With a small team over a six-week period, Upstart Co-Lab undertook a research sprint to inform our discussion with impact investors about opportunities to drive financial and social value through a Creativity Lens.
The team interviewed experts, practitioners and investing principals on Gender Lens investing, impact investing, community development and quality jobs, as well as founders of social purpose Creative Businesses and managers of Creative Place real estate projects. Problem-solving sessions with colleagues from impact investing, community development, creative industries, and related fields provided early feedback on our approach and working hypothesis. Please see Acknowledgements for more information.
A major theme in our discussions about the creativity lens was defining creativity. In this area, Christine Harris and Dennis Cheek, co-authors of the National Endowment for the Arts’ “America’s Creative Economy”1 report, were a helpful resource. Dennis Cheek brought our attention to vertical and horizontal approaches to defining the creative economy – the vertical approach uses an industry-based definition whereas the horizontal approach uses a cross-cutting, sector-agnostic definition and focuses more on the methodology, mindset, and approach of a worker. Christine Harris got us thinking about support jobs in the creative economy and pointed us towards resources for further research.
The quality jobs experts we spoke with included Steven Dawson from the Pinkerton Foundation and Renata Hron Gomez from Investor’s Circle. They helped us determine which communities we should focus on when looking into quality jobs, and pointed out different starting points for defining quality jobs. In addition to providing useful information, they helped connect us with other experts.

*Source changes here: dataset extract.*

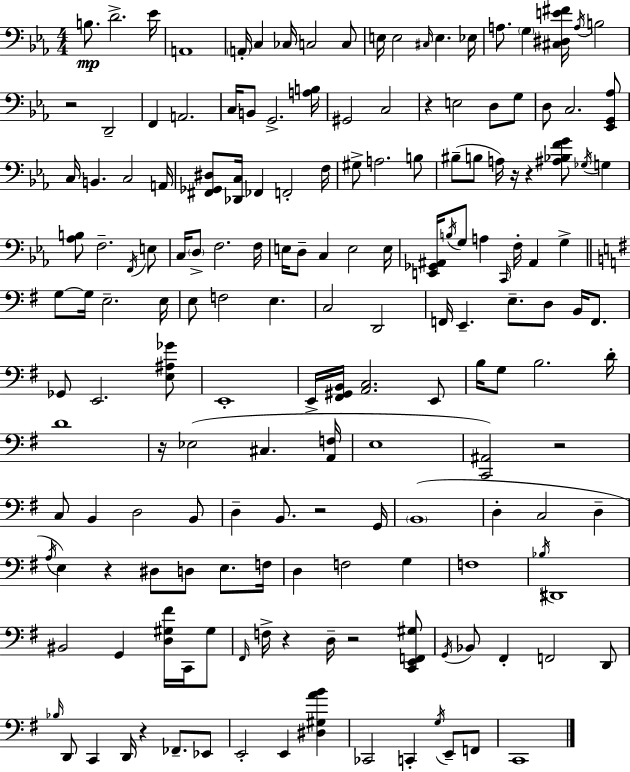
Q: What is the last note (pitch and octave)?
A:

Upstart Co-Lab completed a comprehensive literature review, and landscaped 50 existing data and research efforts on cultural institutions, creative placemaking, artists, and the creative economy. This research landscape included university research centers, creative business accelerators, arts and business advocacy groups, consulting firms with a dedicated focus on arts and creativity, and nonprofits working in the creative economy.
The 50 sources included in this research landscape:
- Americans for the Arts
- Arizona State University: Herberger Institute for Design and the Arts
- Arts Midwest
- Aspen Institute
- Center for Creative Community Development
- Center for Creative Economy
- Center for Cultural Innovation
- Creative England
- Creative Many
- Creative Startups
- Cultural Research Network
- Cuyahoga Arts and Culture
- Federal Reserve Bank of Boston
- Institute for the Future
- Leveraging Investments in Creativity (LINC)
- Maryland Institute College of Art (MICA)
- Metris Arts Consulting
- National Archive of Data on Arts & Culture (NADAC)
- National Assembly of State Arts Agencies (NASAA)
- National Creativity Network
- National Endowment for the Arts
- National Governors Association
- New England Foundation for the Arts
- NEW INC
- North Carolina Arts Council
- Otis College of Art and Design
- Social Impact of the Arts Project (SIAP)
- Strategic National Arts Alumni Project (SNAAP)
- The Brookings Instituton
- The Creative Industries Network
- The Kresge Foundation
- The National Center for Arts Research at Southern Methodist University
- United Nations Educational, Scientific and Cultural Organization (UNESCO) •
- Federal Reserve Bank of San
- Foundation Center – Sustain Arts
- Grantmakers in the Arts
- Hacking Creativity at Red Bull
- Hawaii’s Creative Economy: The Creative Industries Division (CID)
- Insttute for Creative Entrepreneurship | Berklee College of Music
- University of Georgia
- Urban Institute
- Urban Manufacturing Alliance
- Western States Arts Federation (WESTAF)
Although thinking about impact investing in the context of the creative economy is a new idea, research over the past 20 years has explored the economic, civic, social, and community benefits of a vibrant arts & cultural sector. Any conversation about how to define and measure the impact of investing in the creative economy will build off this robust foundation.
We assessed these data and research efforts according to their focus on Creative Places and Creative Businesses; the type of social impact that was studied; intended audience; and geographic focus.
Intended Audience – Past research has been intended to inform specific groups of stakeholders, guiding policy and funding decisions, outlining business and economic opportunities, and documenting the value of arts and creativity. The primary audiences for this research has been: Artist-Innovators,2 Arts Organizations, Business Leaders, Community Development Leaders, Funders, and Government Officials.
Social Impact Focus – The social impact categories we examined were: Economic Development, Civic Engagement, Quality of Life and Building Resiliency.3
Geography – Most of the organizations we looked at focused in the U.S., concentrating on a city, state or region. We also included two groups with a U.K. focus, and the United Nations Educational, Scientific and Cultural Organization (UNESCO) which works globally.